┌────────
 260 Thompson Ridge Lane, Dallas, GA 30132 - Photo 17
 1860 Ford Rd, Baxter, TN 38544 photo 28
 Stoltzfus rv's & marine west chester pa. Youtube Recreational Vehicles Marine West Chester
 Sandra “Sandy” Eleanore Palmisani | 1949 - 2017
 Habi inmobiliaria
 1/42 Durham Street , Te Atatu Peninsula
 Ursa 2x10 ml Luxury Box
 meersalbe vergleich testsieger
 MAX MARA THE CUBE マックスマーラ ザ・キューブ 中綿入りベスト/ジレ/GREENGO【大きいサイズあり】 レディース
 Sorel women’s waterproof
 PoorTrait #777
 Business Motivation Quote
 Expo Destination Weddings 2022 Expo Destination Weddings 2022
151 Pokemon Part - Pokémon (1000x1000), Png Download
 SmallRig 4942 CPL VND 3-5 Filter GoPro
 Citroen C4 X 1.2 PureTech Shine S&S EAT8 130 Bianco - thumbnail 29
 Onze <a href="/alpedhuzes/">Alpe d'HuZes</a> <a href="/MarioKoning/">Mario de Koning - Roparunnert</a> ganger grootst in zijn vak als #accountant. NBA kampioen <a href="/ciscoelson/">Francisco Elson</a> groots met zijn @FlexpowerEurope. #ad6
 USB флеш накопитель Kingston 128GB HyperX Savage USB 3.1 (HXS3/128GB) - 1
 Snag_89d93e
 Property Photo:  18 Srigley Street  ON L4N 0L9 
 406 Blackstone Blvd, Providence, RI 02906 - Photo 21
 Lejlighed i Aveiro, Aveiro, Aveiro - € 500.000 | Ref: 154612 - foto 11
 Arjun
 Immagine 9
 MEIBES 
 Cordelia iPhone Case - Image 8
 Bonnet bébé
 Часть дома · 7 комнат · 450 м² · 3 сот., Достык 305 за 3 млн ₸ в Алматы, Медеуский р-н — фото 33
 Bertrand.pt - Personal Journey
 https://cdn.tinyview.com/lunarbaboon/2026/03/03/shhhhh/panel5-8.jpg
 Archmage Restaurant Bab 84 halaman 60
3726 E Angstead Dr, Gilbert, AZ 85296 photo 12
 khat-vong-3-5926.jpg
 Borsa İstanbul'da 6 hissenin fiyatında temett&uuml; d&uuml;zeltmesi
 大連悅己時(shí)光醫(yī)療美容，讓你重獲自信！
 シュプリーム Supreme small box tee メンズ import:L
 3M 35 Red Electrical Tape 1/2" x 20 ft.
└────────
Directions:
Your reply must contain exactly the lines from the first line of the data through the line holding "SmallRig 4942 CPL VND 3-5 Filter GoPro", and nothing more.

Task solution:
 260 Thompson Ridge Lane, Dallas, GA 30132 - Photo 17
 1860 Ford Rd, Baxter, TN 38544 photo 28
 Stoltzfus rv's & marine west chester pa. Youtube Recreational Vehicles Marine West Chester
 Sandra “Sandy” Eleanore Palmisani | 1949 - 2017
 Habi inmobiliaria
 1/42 Durham Street , Te Atatu Peninsula
 Ursa 2x10 ml Luxury Box
 meersalbe vergleich testsieger
 MAX MARA THE CUBE マックスマーラ ザ・キューブ 中綿入りベスト/ジレ/GREENGO【大きいサイズあり】 レディース
 Sorel women’s waterproof
 PoorTrait #777
 Business Motivation Quote
 Expo Destination Weddings 2022 Expo Destination Weddings 2022
151 Pokemon Part - Pokémon (1000x1000), Png Download
 SmallRig 4942 CPL VND 3-5 Filter GoPro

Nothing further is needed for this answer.